地酒
地酒とは、その土地ならではのお酒のこと。つまり地元の米・水を使って造られた日本酒のことを言います。もともとは江戸時代、日本の三大名醸地として知られていた伏見(京都)、灘(兵庫)、西条(広島)以外の地域で造られたものを「地酒」と呼んで区別していたのですが、やがて個性豊かな地酒自体にも注目が集まるようになり、一大地酒ブームが巻き起こるようになったのです。
以来地酒は町おこしの一環としての役目も担うようになりました。グルメブームの影響もあり、地酒と郷土料理という組み合わせにも、人気が集まっているようです。
土佐の地酒
酒豪王国として知られる土佐。ここにももちろん、個性豊かな地酒があります。土佐の地酒の特徴は、「淡麗・辛口」。それは土佐の海・山・川からもたらされる旬の恵みと一緒に楽しめるよう造られているから。坂本龍馬ら数々の偉人を輩出してきた国としての、猛々しい土地柄も影響しているのかもしれません。
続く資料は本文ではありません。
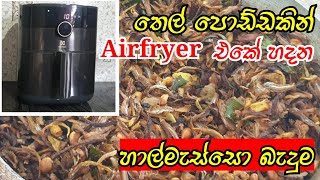 Air Fryer එකේ ලේසියෙන්ම හදන හාල්මැස්සෝ බැදුම||haal masso baduma(Eng: sub)||@KitchenwithLife  ❤️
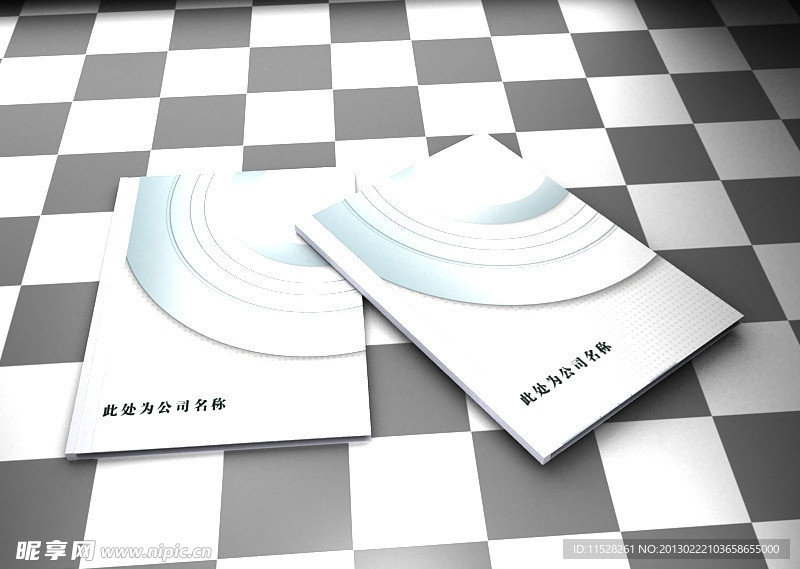 地产公司画册模板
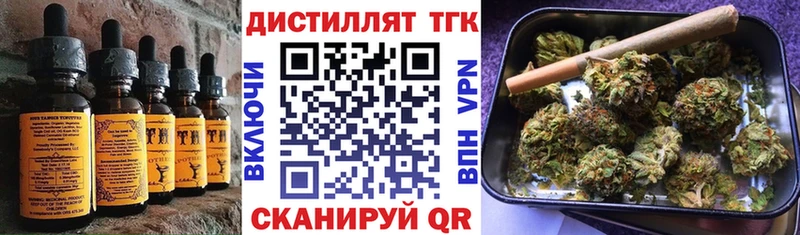 ссылка на мегу ссылка  Красково  Печенье с ТГК конопля  купить  цена 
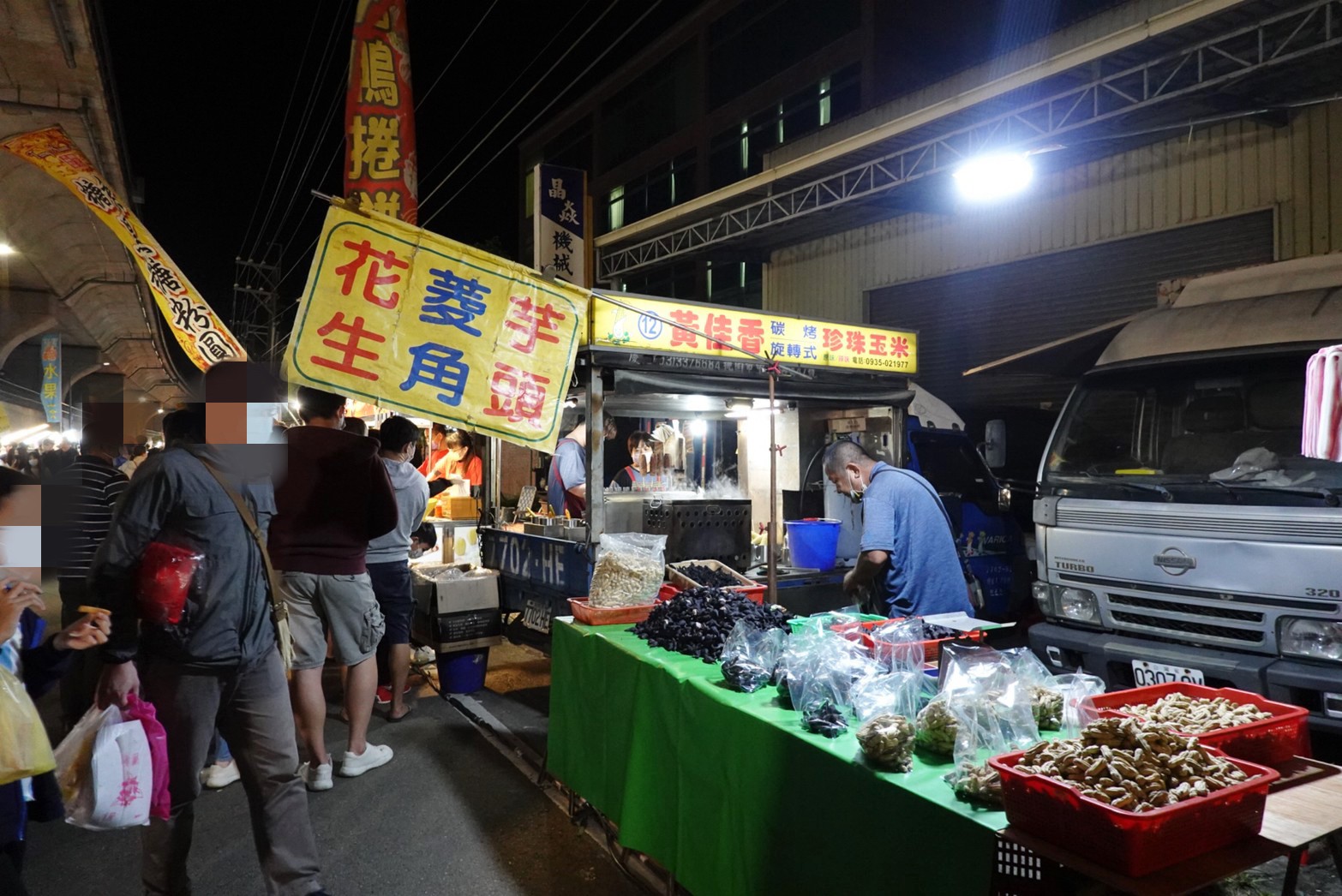 臺灣小吃,地瓜球,夜市,夜市遊戲,打彈珠,新竹美食,烤玉米,竹東夜市,蚵仔煎,豬血湯,麻油雞飯,麻辣臭豆腐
さらに土佐の山間地域は、昼夜の寒暖差を利用した良質なお米の産地としても有名。大地から湧き出る美しい水はいくつもの清流となって太平洋に注ぎ込むと共に、酒造りにも欠かせない“命の水”として大切な役割も担っています。
土佐流!地酒の楽しみ方
べく杯
土佐の宴会に欠かせないアイテム、それが「べく杯」です。べく杯とは、底が尖っていたり穴が開いていたりして、飲み干すまで置くことのできない杯のこと。まさに酒好きのいごっそうが考えそうな代物です。天狗・ひょっとこ・おかめの3点セットになったべく杯もあり、コマを回して出た目の絵柄の杯で飲み干さなければならないという宴会芸も。べく杯が登場する土佐の宴会に、皆様も是非一度参加してみませんか?
地酒と相性抜群の土佐料理
土佐には、地酒と相性抜群の料理がいっぱい。海・山・川からもたらされる豊かな恵みは、古くから土佐の人々に愛されてきました。鰹を豪快に炙ってぶつ切りにした「鰹のたたき」。30cmを超える大皿に、刺身や寿司、煮物やデザートまでが所狭しと盛り付けられた「皿鉢料理」。カタクチイワシの稚魚「どろめ」やアナゴの稚魚「のれそれ」は、漁師の町だからこそ楽しめる新鮮な珍味。土佐の大自然がくれる、地酒と相性抜群の料理の数々。皆さんも是非楽しんでみませんか?
土佐流のおもてなし
土佐人はとにかく宴会が大好き。ことあるごとに集まって酒を飲み交わします。土佐の宴会は、主人も客も入り混じって楽しむのが流儀。初対面でも関係なく、“お客さんに喜んでもらおう”と張り切っておもてなしをするのが、土佐人気質なのです。土佐のうまいもんを進められ、土佐のうまい地酒を進められ・・・。そうこうしているうちにすっかり土佐の空気に染まってしまいそう。皆さんも土佐を訪れた際には、そんな土佐流のおもてなしを体験できるかもしれませんよ。